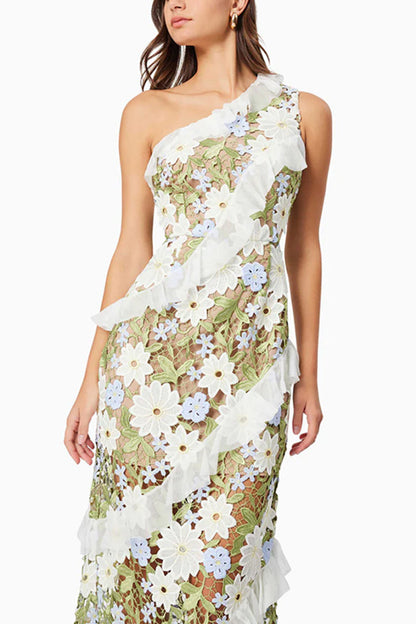 Green Slant Shoulder Floral Embroidered Maxi Dress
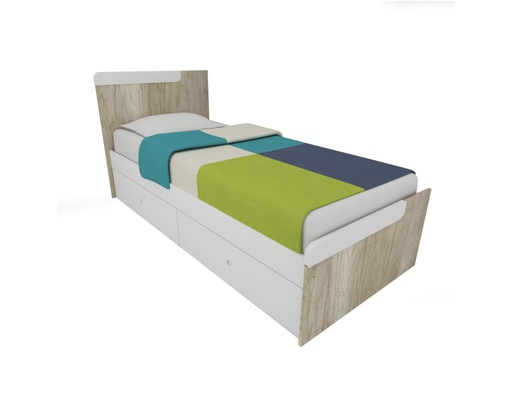 [1701-9-HEL-BLA] Cama 1 Plaza C/ 2 Cajones Helsinki Blanco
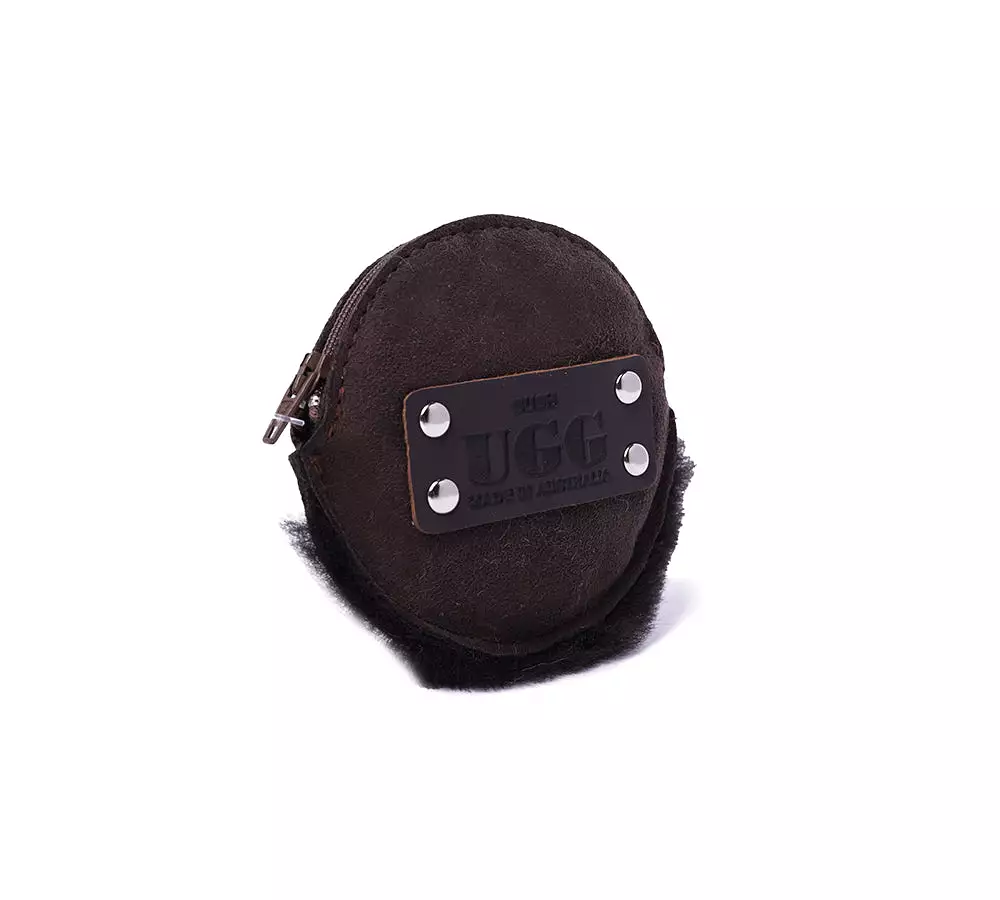 Urban UGG Sheepskin Wool Fluffy Round Zip Purse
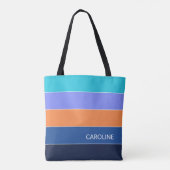 Tijdloze Kleurrijke Zomer Strepen Art Patroon Tote Bag (Achterkant)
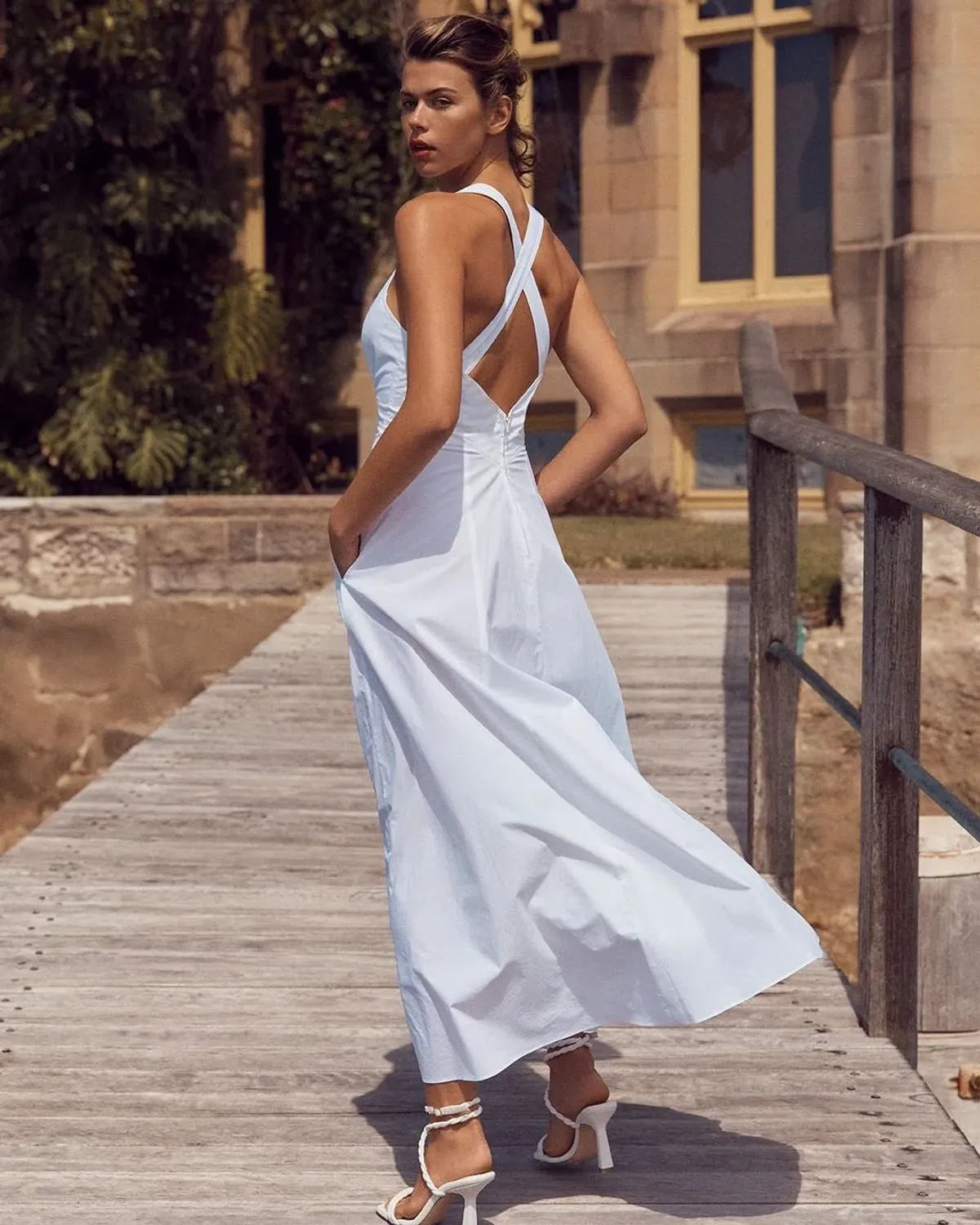 Scanlan Theodore Cotton Cross Back Dress White Size 6  - Image 2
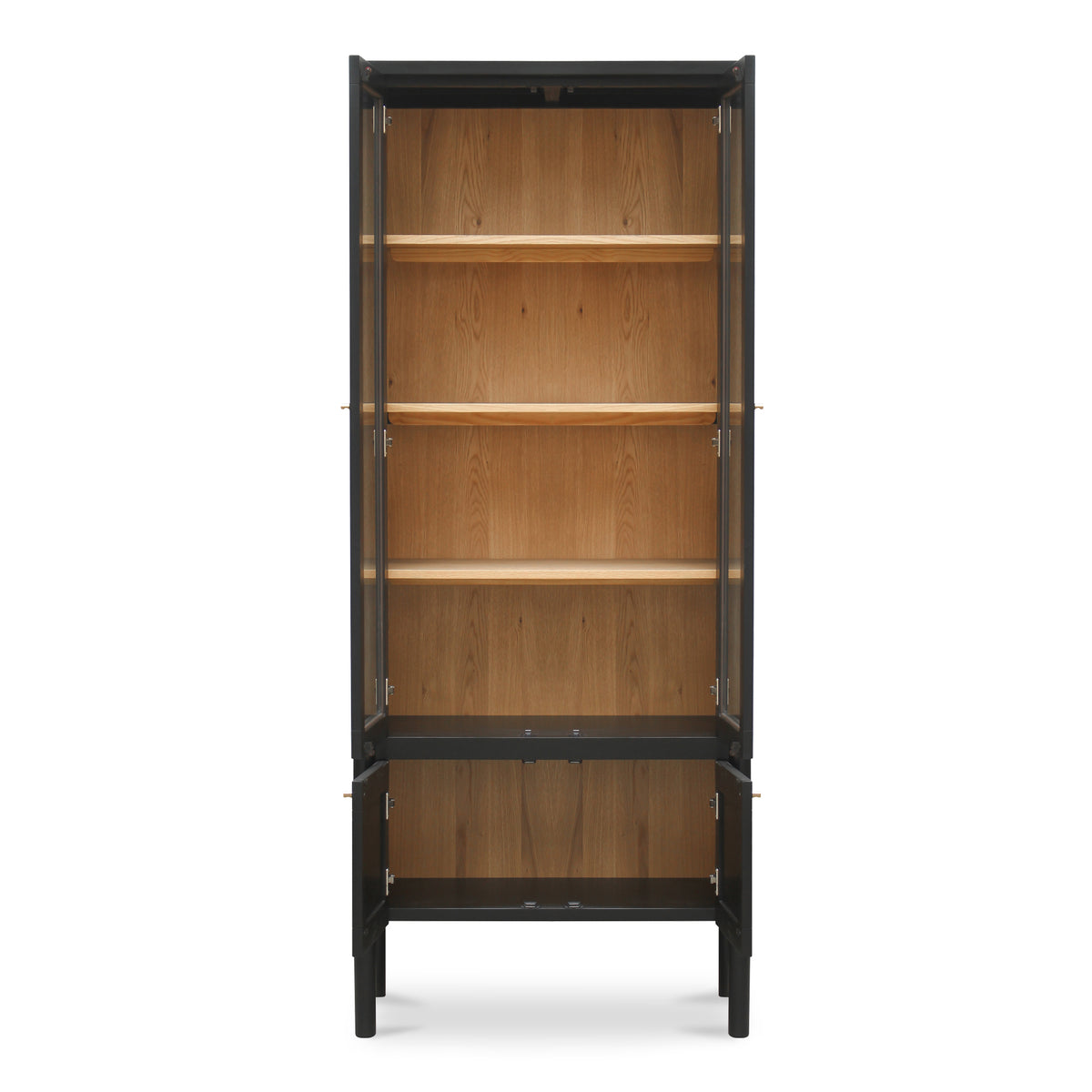 Hannah Tall Cabinet – 86.2" Glass-Front Pine Cabinet (2 Colors) (3)
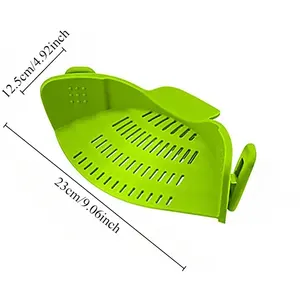 Colador de cocina de silicona con clip para escurrir, para tazones, embudo, para lavar arroz, pasta y verduras, colador para drenar el exceso de líquido, universal - Product Image 2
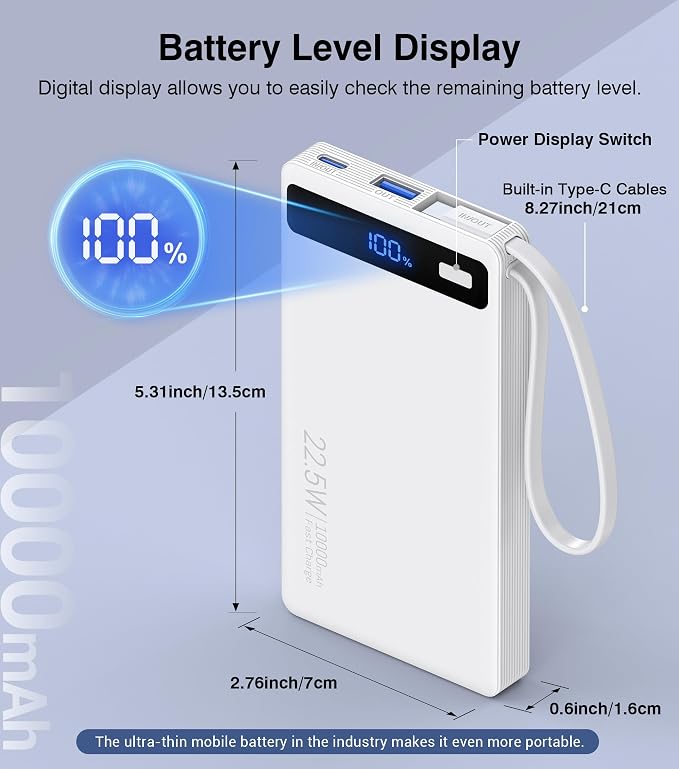 Power Bank with 2 Built-in Cables 10000mAh,22.5W Fast Slim Portable Charger | USB C Battery Pack, Travel Essentials Gift PD Fast Charging Powerbank For iPhone 17 16 15 Plus Pro Galaxy iPad White(1 Pack) - Image 2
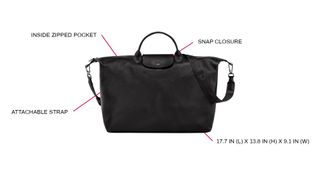 Longchamp Le Pliage Xtra graphic of utilities for Marie Claire Fashion Test Drive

- - -

*WHAT IS NEEDED*: Copy word for word the lines above, starting at the line containing "Tijdloze Kleurrijke Zomer" and ending at the line containing "Colador de cocina", inclusive, with no pictures.

*EXPECTED ANSWER*:
 Tijdloze Kleurrijke Zomer Strepen Art Patroon Tote Bag (Achterkant)
 Scanlan Theodore Cotton Cross Back Dress White Size 6  - Image 2
 Hannah Tall Cabinet – 86.2" Glass-Front Pine Cabinet (2 Colors) (3)
 Colador de cocina de silicona con clip para escurrir, para tazones, embudo, para lavar arroz, pasta y verduras, colador para drenar el exceso de líquido, universal - Product Image 2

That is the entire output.